The long-range plan will eventually shut eight of the city's most heavily segregated schools. School officials say only one elementary school has greater than a 70 percent minority enrollment. The black parents say there still are three such schools in Topeka and several more nearly half filled with minority students. About 24 percent of the city's 16,875 students are minorities.

The latest attendance figures, released in September by the school board, show this: On the city's east side, where most of Topeka's blacks live, three elementary schools have more than 60 percent minority enrollments. An east side junior high has a 71.4 percent minority enrollment and the only high school contains 36.8 percent minority students.

On the city's west and south sides, the school board records show, there are elementary schools with enrollments as little as 3 percent minority, a junior high with a 4 percent figure and a minority enrollment figure of 4.8 percent at the area high school.

"It is pretty clear that the school board's long-range plan perpetuated segregation in the system instead of ending it," said Richard Jones, another attorney for the black plaintiffs. The American Civil Liberties Union has put up $10,000 to cover most of the group's legal fees.

"To separate [black grade and high school students] from other of similar age and qualifications solely because of their race generates a feeling of inferiority as to their status in the community that may affect their hearts and minds in way unlikely ever to be undone."

In its brief countering the current petition, the school board argued this month that the parents' group should file a new lawsuit instead of reopening the Brown case.

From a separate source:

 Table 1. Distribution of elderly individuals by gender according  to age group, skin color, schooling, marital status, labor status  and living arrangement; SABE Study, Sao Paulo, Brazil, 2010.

Despite the Supreme Court's ruling, the case has never been officially closed.

The school board and the parents disagree on the reason. "These desegregation cases are in a class by themselves," said Henson, the school board attorney. "Apparently this one has remained open because none of the parties felt there was a need to approach the court again."

"School desegregation cases have a way of coming back again and again," said Scott, the attorney for the parents. "I guess that is part of the point we are trying to make."

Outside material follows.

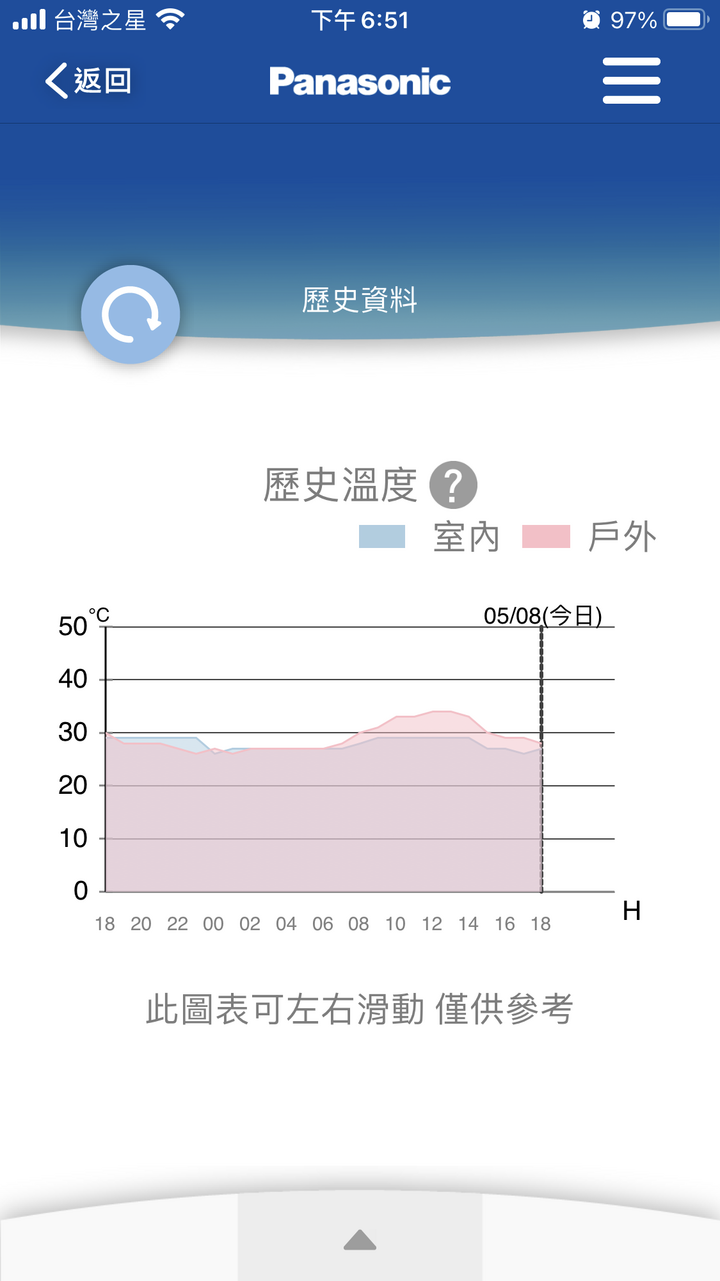 「Panasonic RX頂級旗艦-分離式冷暖空調/冷氣」三個夢想一次滿足，「省電、健康、智慧」我全都要!!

The Brown case was revived, he said, when a black parent charged in 1973 that his young daughter was getting an inferior education in Topeka schools because of her race.

The charge attracted the attention of the Office of Civil Rights of the Department of Health, Education and Welfare. HEW ordered changes in the school system and Topeka filed its plan. Last December the case was settled in secret and when the settlement -- a $19,000 award to the girl's family -- was revealed this year a number of blacks in Topeka were angered.

"Since this was the 25th anniversary of the original Brown decision they came to a few lawyers in town and asked us to go something," said Jones. "They felt that after all this time they had been sold down the river."

The parents group went to federal court in August with the unusual request that Brown be reopened and that after 25 years they be allowed to intervene. The decision by Judge Rogers yesterday granted that motion.

"We conclude that in the field of public education the doctrine of 'separate but equal' has no place. Separate educational facilities are inherently unequal."

Since 1954 Linda Brown has grown up, been married and divorced. Her two children began school in the same classroom that she did in 1951. The class was all black that year, she recalled, and it was 98 percent black when her children went to school.

Charles Smith, her oldest son, goes to Highland Park High School on the city's south side. Most of the faces in his class, he said, are black.

I had a funny feeling when I heard the judge agreed to reopen the case," he said yesterday. "I began to wonder whether my kids will be in this lawsuit too someday."